Sous le seuil de 120 logements
Les riverains pensaient avoir repoussé à l’après élections le débat sur l’aménagement de l’espace Corderie. Visiblement, il n’en était rien. Le promoteur a conjointement déposé une demande de permis de construire et une demande de lotissement dont les riverains ont découvert l’affichage dans un coin reculé. Le projet est bien sorti des cartons pour s’ancrer dans le réel. Or, certains croient voir un objectif caché dans cette brusque accélération associée à un changement de dimension du projet. C’est le cas du président du groupe communiste à la communauté urbaine, Patrick Magro : « Si le projet du boulevard de la Corderie passe de 147 logements à 108, c’est manifestement pour échapper au seuil de 120 qui impose des logements sociaux depuis l’adoption du PLU de Marseille que j’ai voté ! »
Il alerte alors ses relais marseillais qui réagissent aussitôt. Elu de secteur, Christian Pellicani (Front de gauche) reprend le ton du soupçon : « Les promoteurs ne pouvaient pas ne pas savoir que le plan local d’urbanisme allait imposer un quota de logements sociaux par programme. Ils ont simplement anticipé en réduisant la voilure ». Ce qui suppose qu' »ils » était bien informés : ce n’est qu’en juin, en réponse aux remarques formulées en février par les commissaires enquêteurs, que l’on a appris l’ajout au PLU d’un seuil de 120 logements. Quoi qu’il en soit, le conseiller municipal a déjà fait constater par huissier la non-visibilité de l’affichage public. Il se réserve la possibilité de déposer un recours sur ce thème.

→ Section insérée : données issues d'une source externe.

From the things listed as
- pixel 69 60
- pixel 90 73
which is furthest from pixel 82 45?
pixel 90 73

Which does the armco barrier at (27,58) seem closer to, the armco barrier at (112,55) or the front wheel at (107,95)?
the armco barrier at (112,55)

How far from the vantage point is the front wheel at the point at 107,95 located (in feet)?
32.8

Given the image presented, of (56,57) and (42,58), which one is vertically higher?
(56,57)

« En tirer le meilleur prix »
Du côté du promoteur et de l’architecte, on se fait soudain discret. Lors de plusieurs réunions publiques, notamment à l’initiative du maire de secteur et du CIQ, ces derniers avaient défendu leur projet et exclu tout logements sociaux. « Il y aura des lots réservés aux primo-accédants », répond le représentant du promoteur en mai dernier à une question d’un riverain. Quant au député Dominique Tian qui représentait le maire lors de ses deux rendez-vous, et notamment devant le CIQ en juillet il assume pleinement le projet : « Ce terrain est idéalement placé, sans construction, personne ne va le garder longtemps comme cela sans rien faire. La volonté de la Ville de Marseille est d’en tirer le meilleur prix, 3 millions d’euros et de faire du logement de qualité avec de l’accession à la propriété ».

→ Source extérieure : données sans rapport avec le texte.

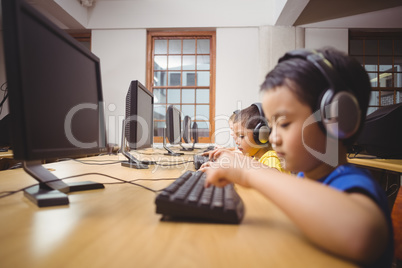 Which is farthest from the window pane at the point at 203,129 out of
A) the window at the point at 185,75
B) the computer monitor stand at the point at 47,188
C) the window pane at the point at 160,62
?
the computer monitor stand at the point at 47,188

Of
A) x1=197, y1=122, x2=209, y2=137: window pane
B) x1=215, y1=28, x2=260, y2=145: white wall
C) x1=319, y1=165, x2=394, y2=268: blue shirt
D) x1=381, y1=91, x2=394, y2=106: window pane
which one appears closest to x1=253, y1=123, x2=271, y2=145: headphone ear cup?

Pour être validée, la demande de lotissement doit faire l’objet d’un vote lors du conseil municipal d’octobre. Après cette date, le permis devra recevoir l’avis des mairies centrale et de secteur. Cette prochaine étape offrira aux opposants une fenêtre de tir. « Nous n’excluons pas la possibilité de déposer un recours contre le projet. Même si nous savons que c’est toujours le combat de David contre Goliath ». En tout cas, avec mille signatures (papier et internet), les riverains comptent bien imposer le débat sur ce projet aux candidats aux municipales dans leur secteur.